It was a mild December night for Washington—cool and damp. In the big, oval study on the second floor of the White House, a cheery blaze crackled in the grey marble fireplace. Franklin Roosevelt leaned back in his big leather easy chair. Up & down the cluttered, cream-walled room, Harry Hopkins paced nervously. History was expected.
At 9:30, a trim, black-haired Navy lieutenant named Lester R. Schulz strode into the room carrying a locked pouch. The President reached eagerly for the just decoded papers—the first 13 parts of the final Japanese reply to State Secretary Hull. Franklin Roosevelt read them through in ten minutes, waited for Hopkins to read and hand them back. Then the President said: “This means war.”
Today’s sole survivor of this scene on Dec. 6, 1941 had been no more than part of the background.

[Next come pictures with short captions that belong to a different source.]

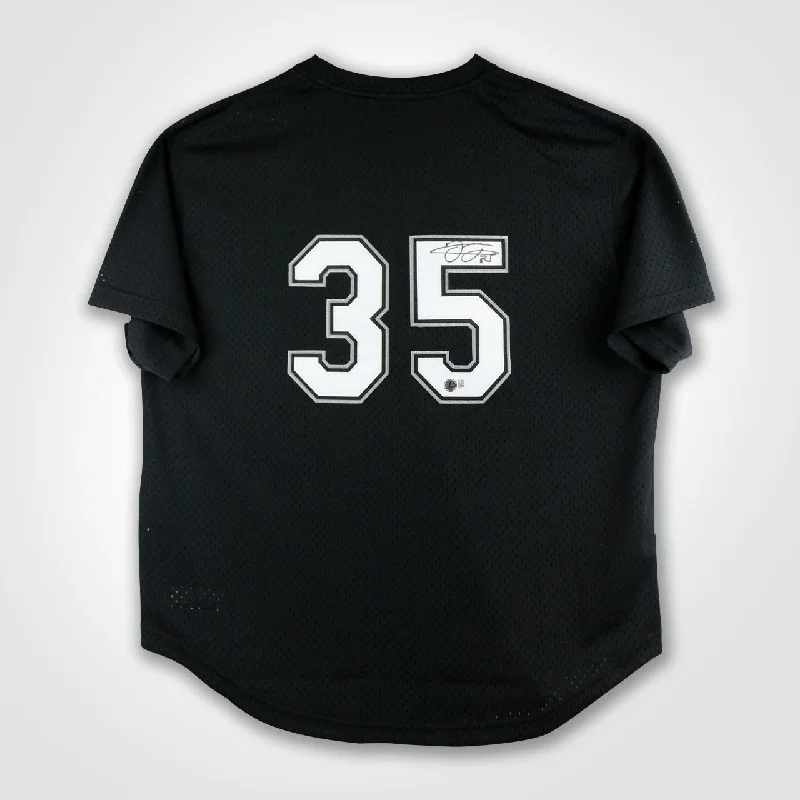 Frank Thomas Signed White Sox Mitchell & Ness Jersey-NBA Basketball Jersey with Name & Number -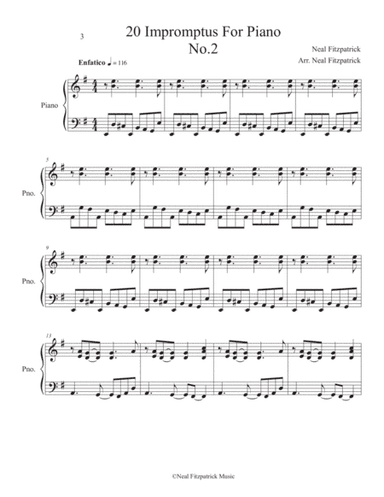 Impromptu No.2 For Piano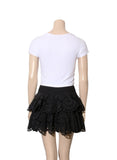 Eyelet Ruffle Skirt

But he had listened carefully. Last week, as Commander Schulz, soon to become executive officer of the battleship Indiana, he told the story to the Pearl Harbor Committee.
Hopkins had said: “It’s too bad we can’t strike first and prevent a surprise.” The President nodded—but said: “No, we can’t do that. We are a democracy of peaceful people. We have a good record. We must stand on it.”
They began discussing the probable point of attack. Hopkins guessed Indo-China. Neither mentioned Pearl Harbor; neither discussed the time the war might begin.
Mr. Roosevelt then tried to contact his Naval Chief, Admiral Harold R. Stark. “Betty” Stark was at the theater. The President decided not to disturb him lest it cause “public alarm.”
The fire fell away to embers. The President handed the papers back to Lieut. Schulz. The lieutenant departed. Four years later, given this incomplete glimpse of an historic scene, the nation could only wish that he might have stayed a little longer.